In 1995, defendant notified plaintiffs that they should cease using her property and, in 1997, she erected a chain link fence on the dividing line between the northernmost and southernmost tracts. The fence effectively prevents Acme's customers from using West Howard Avenue, as well as the parking lot.

Relying upon OCGA § 44-9-4, plaintiffs brought a declaratory judgment action, asserting that they were given a parol license to use the southernmost tract for ingress, egress, and parking; that they incurred expenses in the execution of the license; and that, therefore, the license ripened into an easement running with the land. Following a trial on the merits, the trial court determined that defendant was entitled to revoke the parol license. This appeal followed.

OCGA § 44-9-4 reads as follows:

A parol license to use another's land is revocable at any time if its revocation does no harm to the person to whom it has been granted. A parol license is not revocable when the licensee has acted pursuant thereto and in so doing has incurred expense; in such a case, it becomes an easement running with the land.

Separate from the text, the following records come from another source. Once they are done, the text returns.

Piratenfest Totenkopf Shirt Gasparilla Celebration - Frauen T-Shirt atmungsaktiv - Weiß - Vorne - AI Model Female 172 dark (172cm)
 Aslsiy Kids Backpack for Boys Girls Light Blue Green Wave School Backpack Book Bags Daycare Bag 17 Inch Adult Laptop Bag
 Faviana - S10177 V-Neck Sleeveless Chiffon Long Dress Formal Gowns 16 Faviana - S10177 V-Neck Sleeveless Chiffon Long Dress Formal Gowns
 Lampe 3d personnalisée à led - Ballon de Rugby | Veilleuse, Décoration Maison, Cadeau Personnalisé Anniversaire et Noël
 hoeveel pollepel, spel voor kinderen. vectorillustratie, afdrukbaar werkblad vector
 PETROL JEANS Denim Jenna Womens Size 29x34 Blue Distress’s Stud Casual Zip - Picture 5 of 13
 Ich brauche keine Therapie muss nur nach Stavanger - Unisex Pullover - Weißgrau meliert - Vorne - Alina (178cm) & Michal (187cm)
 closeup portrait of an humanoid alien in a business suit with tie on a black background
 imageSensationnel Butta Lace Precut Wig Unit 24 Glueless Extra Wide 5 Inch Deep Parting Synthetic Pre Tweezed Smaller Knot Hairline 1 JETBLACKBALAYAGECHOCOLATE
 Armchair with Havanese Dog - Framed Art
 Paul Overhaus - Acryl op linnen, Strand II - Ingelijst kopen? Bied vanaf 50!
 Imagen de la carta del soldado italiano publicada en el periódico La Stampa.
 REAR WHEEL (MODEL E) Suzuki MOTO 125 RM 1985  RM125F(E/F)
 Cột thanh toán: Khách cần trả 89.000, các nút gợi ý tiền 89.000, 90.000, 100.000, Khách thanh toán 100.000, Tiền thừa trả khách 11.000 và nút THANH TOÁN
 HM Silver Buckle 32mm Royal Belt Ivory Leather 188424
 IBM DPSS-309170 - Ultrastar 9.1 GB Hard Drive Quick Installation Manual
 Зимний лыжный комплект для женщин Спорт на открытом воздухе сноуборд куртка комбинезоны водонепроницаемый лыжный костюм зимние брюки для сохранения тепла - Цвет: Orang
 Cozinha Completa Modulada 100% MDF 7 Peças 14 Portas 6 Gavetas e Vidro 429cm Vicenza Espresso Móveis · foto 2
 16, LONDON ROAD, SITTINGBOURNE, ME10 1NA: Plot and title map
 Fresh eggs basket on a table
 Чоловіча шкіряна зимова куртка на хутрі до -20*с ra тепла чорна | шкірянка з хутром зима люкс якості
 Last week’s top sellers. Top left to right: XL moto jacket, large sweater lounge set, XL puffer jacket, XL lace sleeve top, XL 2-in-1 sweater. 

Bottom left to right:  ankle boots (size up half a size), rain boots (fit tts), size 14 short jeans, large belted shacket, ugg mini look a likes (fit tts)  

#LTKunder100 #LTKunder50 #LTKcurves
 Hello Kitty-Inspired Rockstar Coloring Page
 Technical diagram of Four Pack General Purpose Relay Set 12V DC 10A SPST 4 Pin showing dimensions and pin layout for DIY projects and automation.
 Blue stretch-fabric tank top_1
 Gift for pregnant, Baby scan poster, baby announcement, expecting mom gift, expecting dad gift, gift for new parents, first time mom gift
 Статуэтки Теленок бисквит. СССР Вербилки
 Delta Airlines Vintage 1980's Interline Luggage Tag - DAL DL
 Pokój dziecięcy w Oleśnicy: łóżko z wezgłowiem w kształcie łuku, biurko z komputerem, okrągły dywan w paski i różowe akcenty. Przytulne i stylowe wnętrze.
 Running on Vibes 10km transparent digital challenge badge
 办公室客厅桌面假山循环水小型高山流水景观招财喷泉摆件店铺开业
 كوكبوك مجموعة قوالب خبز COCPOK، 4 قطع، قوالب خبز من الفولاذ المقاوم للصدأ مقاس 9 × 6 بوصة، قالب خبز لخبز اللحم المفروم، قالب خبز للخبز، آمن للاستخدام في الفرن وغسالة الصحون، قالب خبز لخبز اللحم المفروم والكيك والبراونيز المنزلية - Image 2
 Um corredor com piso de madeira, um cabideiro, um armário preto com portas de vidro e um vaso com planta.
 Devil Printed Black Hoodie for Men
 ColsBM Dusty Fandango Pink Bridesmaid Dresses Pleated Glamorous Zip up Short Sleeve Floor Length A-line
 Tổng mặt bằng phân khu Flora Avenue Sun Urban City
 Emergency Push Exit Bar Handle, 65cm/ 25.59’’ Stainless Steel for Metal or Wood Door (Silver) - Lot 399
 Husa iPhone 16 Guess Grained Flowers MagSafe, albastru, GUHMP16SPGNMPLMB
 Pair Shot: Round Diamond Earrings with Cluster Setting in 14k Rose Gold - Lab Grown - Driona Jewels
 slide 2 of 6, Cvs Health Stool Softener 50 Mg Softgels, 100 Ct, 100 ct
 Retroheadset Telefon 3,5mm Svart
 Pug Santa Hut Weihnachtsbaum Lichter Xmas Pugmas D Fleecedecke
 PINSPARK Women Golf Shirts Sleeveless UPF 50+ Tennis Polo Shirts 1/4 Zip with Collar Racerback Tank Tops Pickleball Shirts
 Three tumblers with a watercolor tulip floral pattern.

This Code section is based on the principle that a license becomes an agreement for a valuable consideration, and the licensee a purchaser for value, where the enjoyment of the license must necessarily be preceded by the expenditure of money. Miller v. Slater, 182 Ga. 552, 558, 186 S.E. 413 (1936); Woodruff v. Bowers, 165 Ga. 408, 140 S.E. 844 (1927). In this case, plaintiffs began using the parking lot in 1977, and they used it for six years before they incurred any expenses in connection with it. Thus, it is clear that it was not necessary for plaintiffs to expend any money preceding their use of the parking lot. Plaintiffs simply continued to use the lot "the same as [they] had done in the past." It follows that defendant was entitled to revoke the parol license to use the lot.

Judgment affirmed.

All the Justices concur.

NOTES

[1] Clifford E. Morgan, Jr., conveyed his interest in the southernmost tract to James E. Morgan, Sr., who died in 1993, and devised the property to his wife, defendant Betty S. Morgan.

[2] Apparently, plaintiff McCorkle's family operated Acme Carpet and defendant Morgan's family operated Morgan Cleaners.